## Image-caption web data
--- START ---

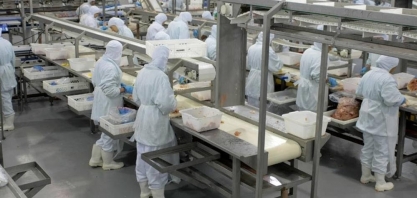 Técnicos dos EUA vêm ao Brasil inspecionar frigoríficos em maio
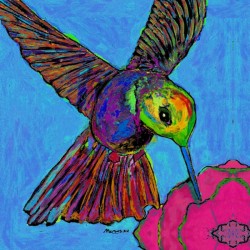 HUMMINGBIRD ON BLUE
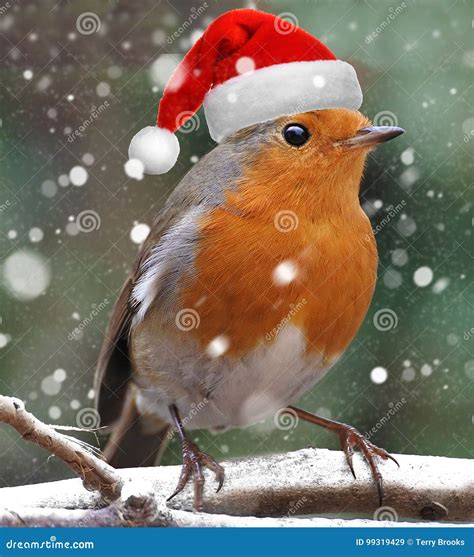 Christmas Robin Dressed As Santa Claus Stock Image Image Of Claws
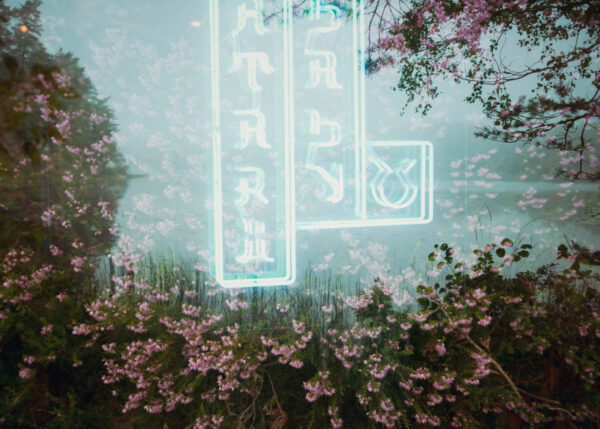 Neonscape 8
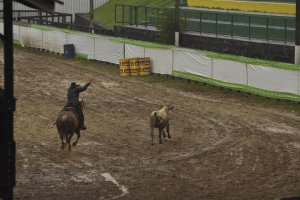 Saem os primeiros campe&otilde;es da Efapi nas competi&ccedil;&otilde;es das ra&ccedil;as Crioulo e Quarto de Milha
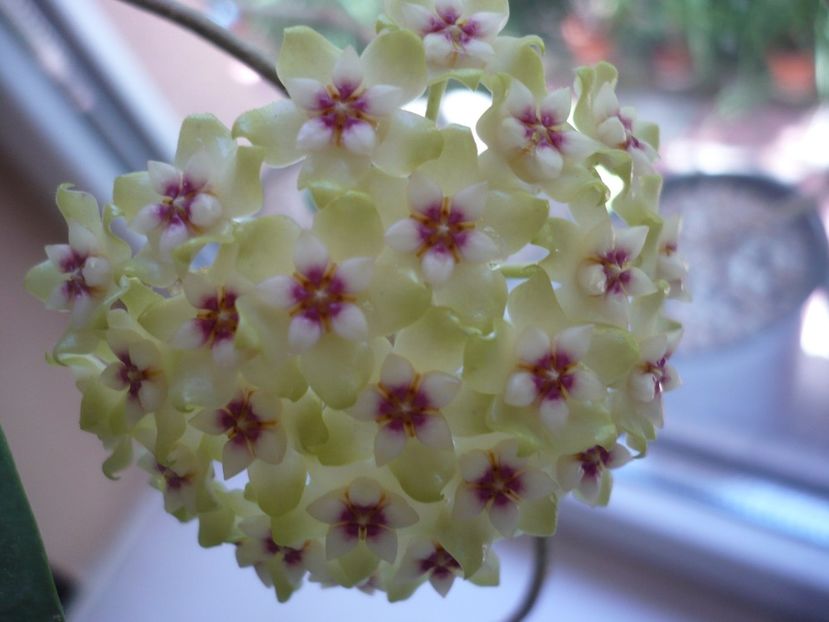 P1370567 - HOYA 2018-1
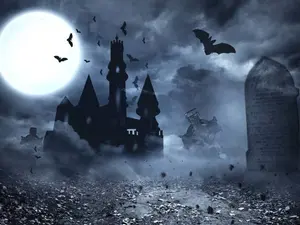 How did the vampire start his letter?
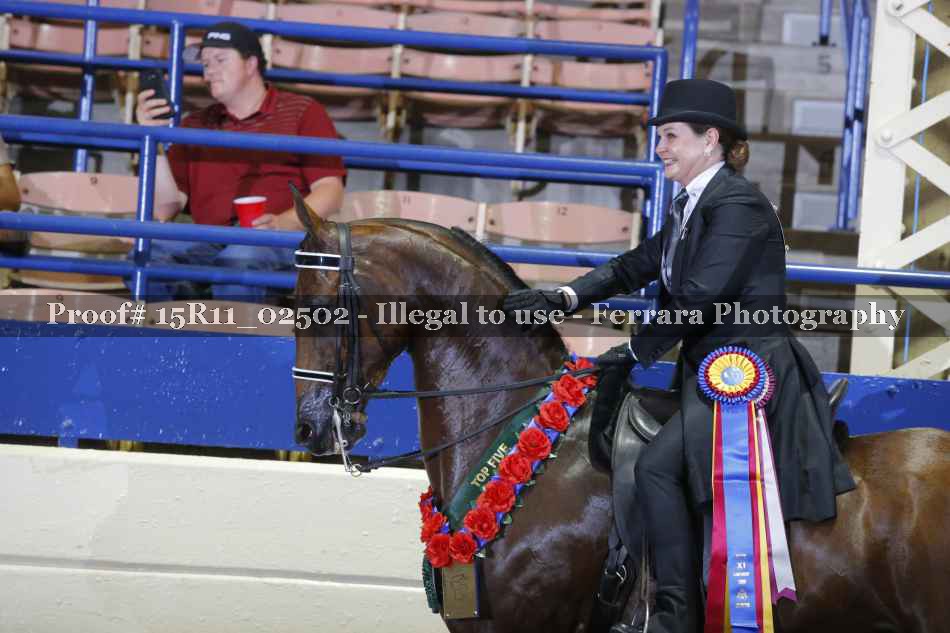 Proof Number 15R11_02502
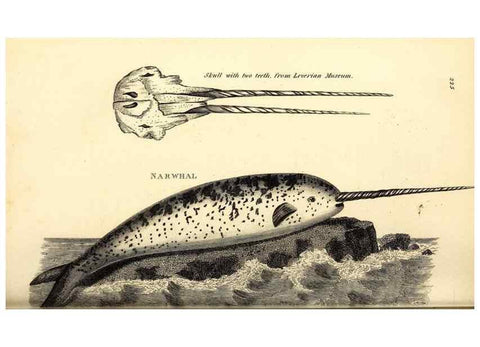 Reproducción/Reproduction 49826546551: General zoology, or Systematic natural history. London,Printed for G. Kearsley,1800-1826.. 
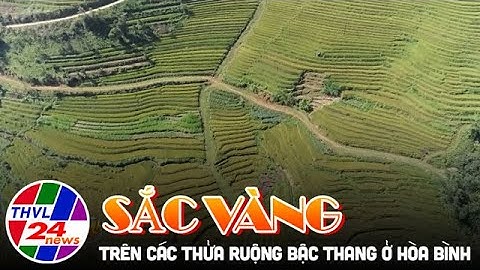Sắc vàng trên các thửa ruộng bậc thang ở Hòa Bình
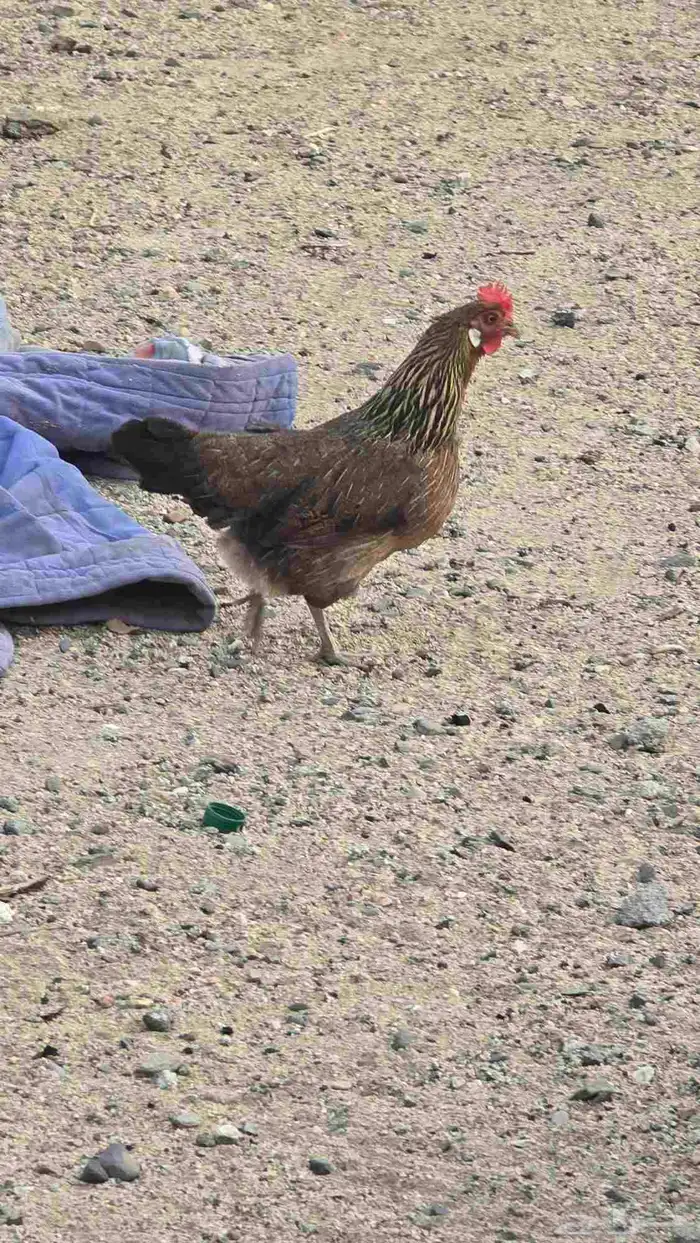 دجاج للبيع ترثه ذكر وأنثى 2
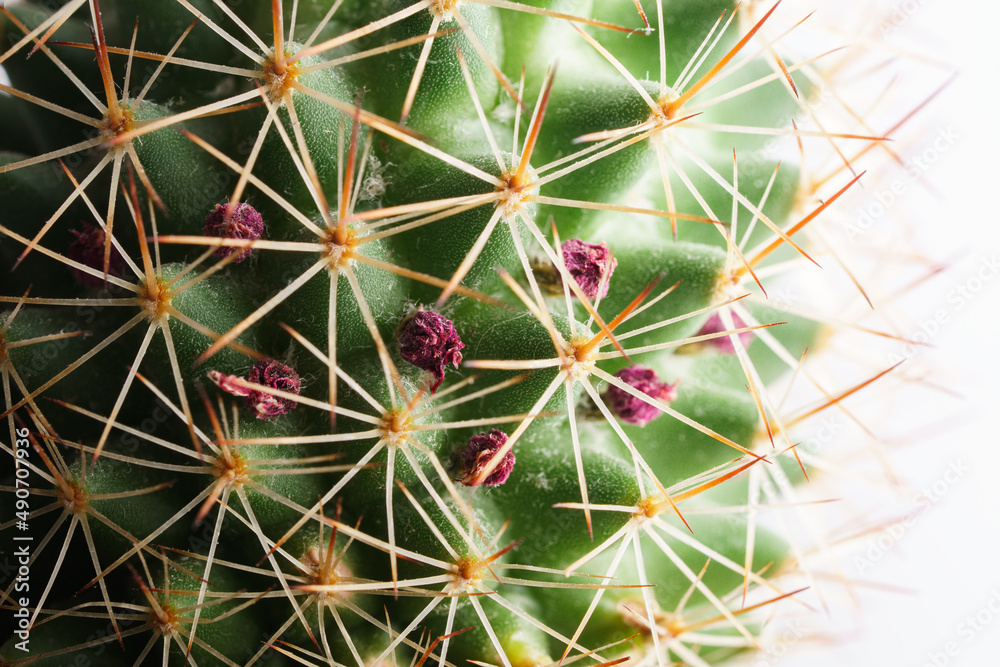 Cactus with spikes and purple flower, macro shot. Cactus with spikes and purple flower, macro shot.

--- END ---

## Task to complete
From the first line to the last, repeat the records exactly and skip the pictures.

## Solved exercise
 Técnicos dos EUA vêm ao Brasil inspecionar frigoríficos em maio
 HUMMINGBIRD ON BLUE
 Christmas Robin Dressed As Santa Claus Stock Image Image Of Claws
 Neonscape 8
 Saem os primeiros campe&otilde;es da Efapi nas competi&ccedil;&otilde;es das ra&ccedil;as Crioulo e Quarto de Milha
 P1370567 - HOYA 2018-1
 How did the vampire start his letter?
 Proof Number 15R11_02502
 Reproducción/Reproduction 49826546551: General zoology, or Systematic natural history. London,Printed for G. Kearsley,1800-1826.. 
Sắc vàng trên các thửa ruộng bậc thang ở Hòa Bình
 دجاج للبيع ترثه ذكر وأنثى 2
 Cactus with spikes and purple flower, macro shot. Cactus with spikes and purple flower, macro shot.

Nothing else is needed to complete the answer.